**What to work on**
Return each line of the records below that contains the word "Boys".

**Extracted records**

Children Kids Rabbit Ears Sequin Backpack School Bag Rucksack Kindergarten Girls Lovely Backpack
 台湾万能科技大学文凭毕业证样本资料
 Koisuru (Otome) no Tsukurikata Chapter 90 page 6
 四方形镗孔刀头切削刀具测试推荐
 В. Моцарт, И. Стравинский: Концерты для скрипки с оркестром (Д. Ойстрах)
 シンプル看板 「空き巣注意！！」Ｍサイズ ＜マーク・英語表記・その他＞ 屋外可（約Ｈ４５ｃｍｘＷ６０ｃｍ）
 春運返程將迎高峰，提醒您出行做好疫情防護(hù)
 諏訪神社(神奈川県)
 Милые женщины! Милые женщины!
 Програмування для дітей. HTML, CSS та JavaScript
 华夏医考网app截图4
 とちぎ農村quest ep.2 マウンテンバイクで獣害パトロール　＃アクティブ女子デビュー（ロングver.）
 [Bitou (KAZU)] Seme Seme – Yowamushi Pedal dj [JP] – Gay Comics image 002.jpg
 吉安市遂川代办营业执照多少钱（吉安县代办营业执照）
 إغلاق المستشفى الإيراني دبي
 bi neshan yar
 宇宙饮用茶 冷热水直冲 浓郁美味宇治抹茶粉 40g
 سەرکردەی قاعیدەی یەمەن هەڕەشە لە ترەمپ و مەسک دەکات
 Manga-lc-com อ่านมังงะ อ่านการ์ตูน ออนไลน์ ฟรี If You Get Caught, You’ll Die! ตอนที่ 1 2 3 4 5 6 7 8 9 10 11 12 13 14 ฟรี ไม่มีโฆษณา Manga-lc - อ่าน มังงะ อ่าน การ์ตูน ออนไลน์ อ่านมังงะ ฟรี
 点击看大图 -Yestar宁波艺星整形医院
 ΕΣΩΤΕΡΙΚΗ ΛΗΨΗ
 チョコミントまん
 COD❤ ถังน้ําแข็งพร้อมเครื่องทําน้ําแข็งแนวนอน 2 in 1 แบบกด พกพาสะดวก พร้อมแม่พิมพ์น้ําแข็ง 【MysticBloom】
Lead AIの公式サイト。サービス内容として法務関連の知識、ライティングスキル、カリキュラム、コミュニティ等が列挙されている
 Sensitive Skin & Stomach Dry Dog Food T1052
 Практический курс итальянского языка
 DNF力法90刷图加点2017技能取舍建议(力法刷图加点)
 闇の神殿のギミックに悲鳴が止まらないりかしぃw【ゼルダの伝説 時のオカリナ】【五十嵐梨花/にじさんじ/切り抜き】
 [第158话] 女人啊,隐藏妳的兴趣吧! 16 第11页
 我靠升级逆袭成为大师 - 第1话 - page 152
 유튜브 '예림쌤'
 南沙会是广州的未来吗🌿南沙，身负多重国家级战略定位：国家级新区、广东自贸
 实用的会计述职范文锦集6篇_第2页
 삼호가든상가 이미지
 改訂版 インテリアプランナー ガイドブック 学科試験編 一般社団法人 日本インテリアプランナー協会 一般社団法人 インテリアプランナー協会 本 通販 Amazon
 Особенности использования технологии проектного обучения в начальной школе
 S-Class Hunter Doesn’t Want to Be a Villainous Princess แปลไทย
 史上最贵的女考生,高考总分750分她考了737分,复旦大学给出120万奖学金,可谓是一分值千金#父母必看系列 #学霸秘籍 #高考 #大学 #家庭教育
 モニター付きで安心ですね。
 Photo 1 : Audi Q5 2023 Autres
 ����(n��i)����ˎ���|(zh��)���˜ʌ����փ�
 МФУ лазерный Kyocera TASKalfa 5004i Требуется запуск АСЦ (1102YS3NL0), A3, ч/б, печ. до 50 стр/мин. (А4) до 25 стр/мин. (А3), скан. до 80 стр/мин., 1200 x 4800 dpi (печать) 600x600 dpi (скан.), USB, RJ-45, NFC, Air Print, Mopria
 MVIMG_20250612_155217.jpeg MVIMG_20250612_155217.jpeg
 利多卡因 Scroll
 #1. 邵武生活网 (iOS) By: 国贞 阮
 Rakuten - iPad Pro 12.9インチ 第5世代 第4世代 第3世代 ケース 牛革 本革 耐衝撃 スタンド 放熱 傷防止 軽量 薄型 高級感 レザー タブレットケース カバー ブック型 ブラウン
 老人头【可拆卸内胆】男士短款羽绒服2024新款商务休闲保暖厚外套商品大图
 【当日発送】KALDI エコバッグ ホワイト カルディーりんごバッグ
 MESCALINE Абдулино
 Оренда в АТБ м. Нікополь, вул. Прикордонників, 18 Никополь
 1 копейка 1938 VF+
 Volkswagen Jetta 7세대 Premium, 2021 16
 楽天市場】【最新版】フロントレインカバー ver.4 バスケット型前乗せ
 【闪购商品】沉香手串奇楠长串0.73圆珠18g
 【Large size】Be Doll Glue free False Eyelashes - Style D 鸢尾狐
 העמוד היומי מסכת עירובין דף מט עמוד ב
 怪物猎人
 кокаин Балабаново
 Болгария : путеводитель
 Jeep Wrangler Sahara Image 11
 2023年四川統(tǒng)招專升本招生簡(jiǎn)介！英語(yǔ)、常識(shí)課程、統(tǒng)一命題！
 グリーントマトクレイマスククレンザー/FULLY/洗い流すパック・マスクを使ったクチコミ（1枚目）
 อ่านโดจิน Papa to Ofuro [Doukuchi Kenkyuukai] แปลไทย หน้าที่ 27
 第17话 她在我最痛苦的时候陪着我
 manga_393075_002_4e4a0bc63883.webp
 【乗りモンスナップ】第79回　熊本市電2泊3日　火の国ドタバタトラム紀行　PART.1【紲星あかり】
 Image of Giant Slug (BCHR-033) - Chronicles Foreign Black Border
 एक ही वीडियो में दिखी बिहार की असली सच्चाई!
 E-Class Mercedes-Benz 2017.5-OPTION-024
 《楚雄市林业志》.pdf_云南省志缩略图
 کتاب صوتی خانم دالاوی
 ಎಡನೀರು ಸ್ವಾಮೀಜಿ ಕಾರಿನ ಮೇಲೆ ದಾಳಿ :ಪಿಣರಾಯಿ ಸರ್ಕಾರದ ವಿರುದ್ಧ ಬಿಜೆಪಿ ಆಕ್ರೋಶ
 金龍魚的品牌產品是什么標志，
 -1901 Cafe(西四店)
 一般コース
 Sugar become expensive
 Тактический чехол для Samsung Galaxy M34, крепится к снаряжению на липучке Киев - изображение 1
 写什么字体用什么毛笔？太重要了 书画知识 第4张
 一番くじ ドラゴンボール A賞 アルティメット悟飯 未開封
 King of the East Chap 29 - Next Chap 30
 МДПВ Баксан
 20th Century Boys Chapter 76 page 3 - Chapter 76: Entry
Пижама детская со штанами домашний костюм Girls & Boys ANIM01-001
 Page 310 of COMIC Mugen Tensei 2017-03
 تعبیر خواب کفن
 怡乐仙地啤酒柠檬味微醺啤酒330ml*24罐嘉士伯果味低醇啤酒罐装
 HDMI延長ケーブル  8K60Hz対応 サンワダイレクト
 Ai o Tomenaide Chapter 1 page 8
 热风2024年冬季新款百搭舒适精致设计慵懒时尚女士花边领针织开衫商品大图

**Task result**
 20th Century Boys Chapter 76 page 3 - Chapter 76: Entry
Пижама детская со штанами домашний костюм Girls & Boys ANIM01-001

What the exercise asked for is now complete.